Refer to the export checklist when shipping to destinations outside of the U.S. to ensure that all regulations are complied with before making the shipment. It is exceedingly difficult to fix problems once an international shipment is on its way. As the shipper of record, Lehigh University is responsible for shipping correctly and with the right documentation. FedEx, UPS, DHL, and other freight forwarders may help or offer advice, and they record the shipment in the government's Automated Export System. However, errors and problems with shipments are Lehigh University’s responsibility and not the freight forwarder.
There are additional U.S. restrictions on transactions — including but not limited to shipping — with certain countries, entities, and individuals. The export checklist can help you determine whether any of these additional restrictions apply to your shipment, and you can always contact ORI for help.
In addition to export control regulations, there are additional considerations to be aware of for hazardous items. Hazardous items need to be packaged and labeled appropriately. Contact Environmental Health and Safety at email@example.com for assistance shipping hazardous items. These items include, but are not limited to:
- Batteries and fuel cells
- Radioactive materials
It is also important to recognize that every export from the U.S. is an import somewhere else. Shipments will go through Customs in the destination country. Some items may be prohibited or require prior authorization. Some items may incur duty or VAT costs.
All incoming shipments are cleared by U.S. Customs, with varying and unpredictable levels of scrutiny. The University uses a customs broker to clear your import shipments through U.S. customs. The broker will need a number of documents, including but not limited to: power of attorney; copy of the ocean or air bill of lading (shipping documents); copy of the commercial invoice; copy of the packing list. ArcBest is Lehigh’s customs broker (Robert Kimball, firstname.lastname@example.org, or Larie Elliott, LElliot@arcb.com; customer service for international shipments: 877-301-2237)

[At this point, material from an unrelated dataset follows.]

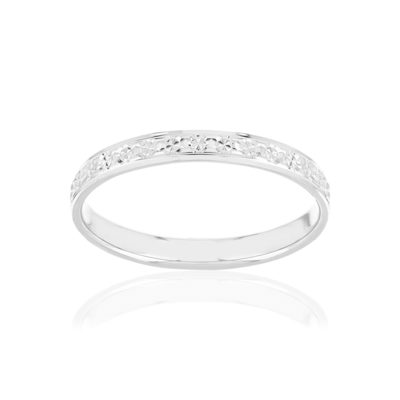 Alliance or 375 blanc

Some items are restricted at the Customs stage:
- Biological specimens
- Certain fish and wildlife, and products made from them
- Fruits, vegetables, plants, seeds, soil
- Items from Cuba, Iran, Myanmar, and most of Sudan
Some items are restricted at the delivery stage. For instance, some items controlled by the Drug Enforcement Administration (DEA) can only be delivered appropriately registered with the DEA.
Based on an item’s tariff code and its value, import duty may be due. The shipment can be delayed or incur unexpected costs if requisite documentation is wrong or incomplete. Once received in U.S. Customs, problems with shipments are difficult to resolve.